We are concerned that employees in uncooperative participating plans may become unduly alarmed about the plans' continuing tax-qualified status during the Notice(s) process. To address this, we recommend that the Third Notice4 to employees expressly state something to the effect that “despite your receipt of this Notice relative to the Plan's tax status, you will be able to rollover your account into another tax-qualified plan.”5 It is critical that participating employees be assured that their assets are secure and they can retain their tax-advantaged status in all instances.

3. Maintain the Unified Plan Exception for Cooperative Plans Under IRS Examination

We understand that the IRS is concerned about plan qualification failures that arise during its examination process, which have not been self-identified and voluntarily reported for relief under the IRS's Employee Plans Compliance Resolution System (“EPCRS”).

This specific eligibility criteria appears to be unnecessary in the context of the Proposal because such type of relief6 is not available anyway for failures that are attributable to the MEPs' Plan Administrator or for plan-wide operational or plan document issues. More importantly, we are concerned that cooperative and fully compliant participating employers may be inappropriately punished by this provision. Again, the intent of this Proposal is to adequately handle issues associated with unresponsive participating plans. The “plans under IRS examination” exclusion may impede the more widespread adoption of MEPs, especially by small and mid-size businesses who are cooperative participating plans, as they may remain fearful of losing the benefits of the unified plan rules. Thus, we recommend that this condition be removed from the operation of the unified plan rule.

Alternatively, the final rules could more narrowly define that a plan is under examination for this purpose only if the portion of the plan that relates to the unresponsive employer is specifically identified by an IRS auditor in writing as under examination. Thus, in the interest of enhancing the use of MEPs, we do not think cooperative employers and their MEPs should be precluded from the unified plan exception when there is no direct IRS examination of the portion of a plan having cooperative participating employers.

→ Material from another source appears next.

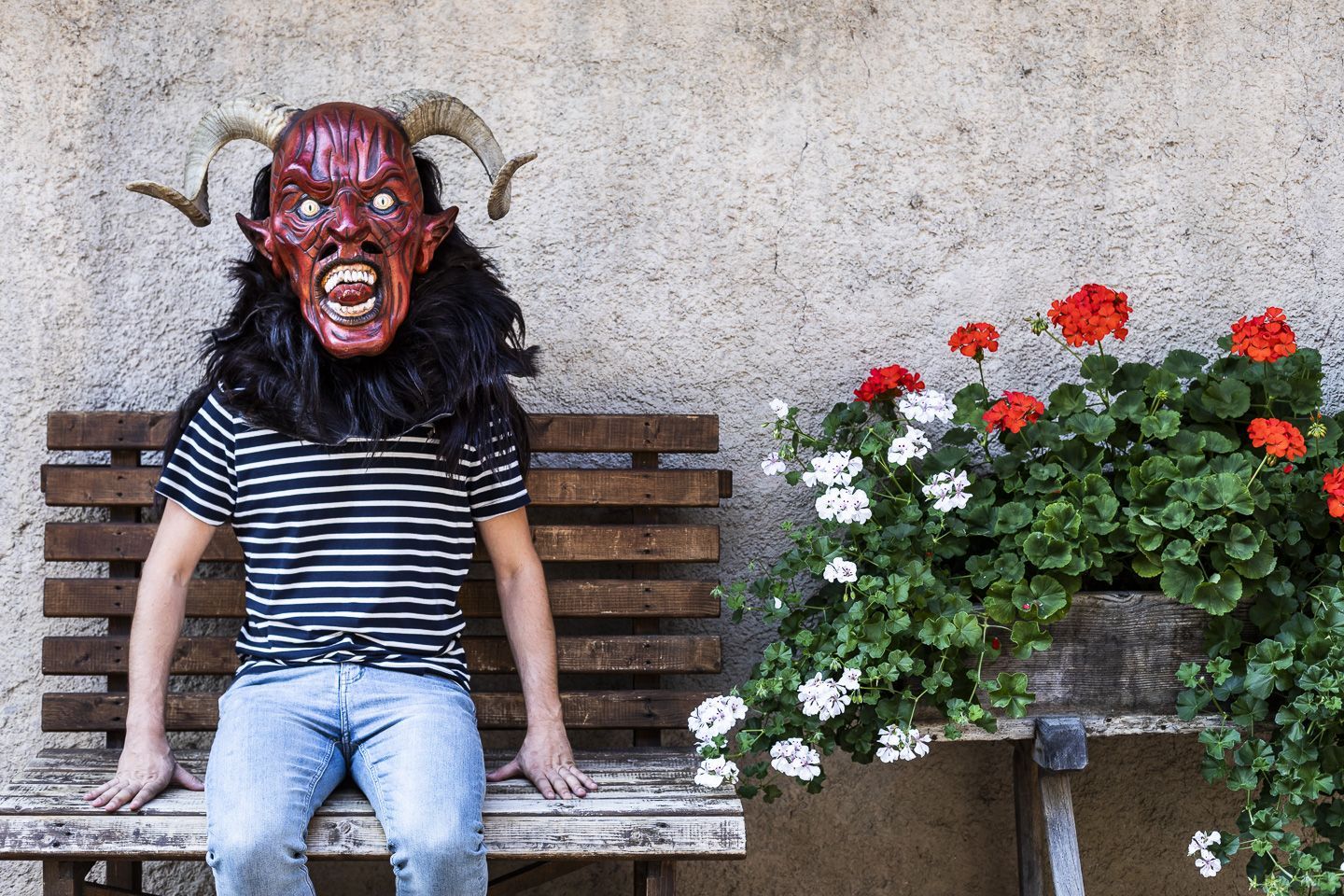 Der Mann und die Maske: Walter Maffei, ein Traminer Unikum, schnitzt Masken für die halbe Welt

4. Clarify the Spin-Off and Termination Rules

We appreciate the IRS's perspective that an uncooperative participating employer should not “infect” the other participating employees and their employees. However, we question how the spun-off plan assets and their termination, shortly thereafter, will practically operate. For instance, does a separate sub-trust/new plan need to be established? Do Form 5500s and other filings need to be filed for a plan that will quickly be terminated? Is it necessary to require that the same Plan Administrator be used for both the continuing and terminated plan? We encourage the IRS to clarify these questions in the final rule.

* * * * * * * * *

We thank the IRS for providing the opportunity to comment on the proposed regulations regarding the unified plan exception for MEPs. Please contact the undersigned if you have any questions or comments regarding BlackRock's views.

Sincerely,

Harris Horowitz
Managing Director, Global Head of Tax

Joe Craven
Managing Director, Head of U.S. Retirement Policy

BlackRock, Inc.

FOOTNOTES

1 84 Fed. Reg. 31777-31795.

2 Executive Order on Strengthening Retirement Security in America (Aug. 31, 2018), available at https://www.whitehouse.gov/presidential-actions/executive-order-strengthening-retirement-security-america/.

3 BlackRock, ViewPoint, Increasing Access to Open Multiple Employer Plans (Jul. 2018), available at https://www.blackrock.com/corporate/literature/whitepaper/viewpoint-increasing-access-open-multiple-employer-plans-january-2018.pdf.

4 Prop. Regs. Sec. 1.413-2(g)(3)(iii)(4)(iii).

5 This statement is supported by the plain language provided in Prop. Regs. Sec. 1.413-2(g)(8)(ii)(B), exclusive of remedies against responsible parties which the IRS reserves under Prop. Regs. Sec. 1.413-2(g)(8)(ii)(C).

6 EPCRS limits eligibility for its voluntary correction procedures — whether the Self-Correction Program (“SCP”) or Voluntary Correction Program (“VCP”).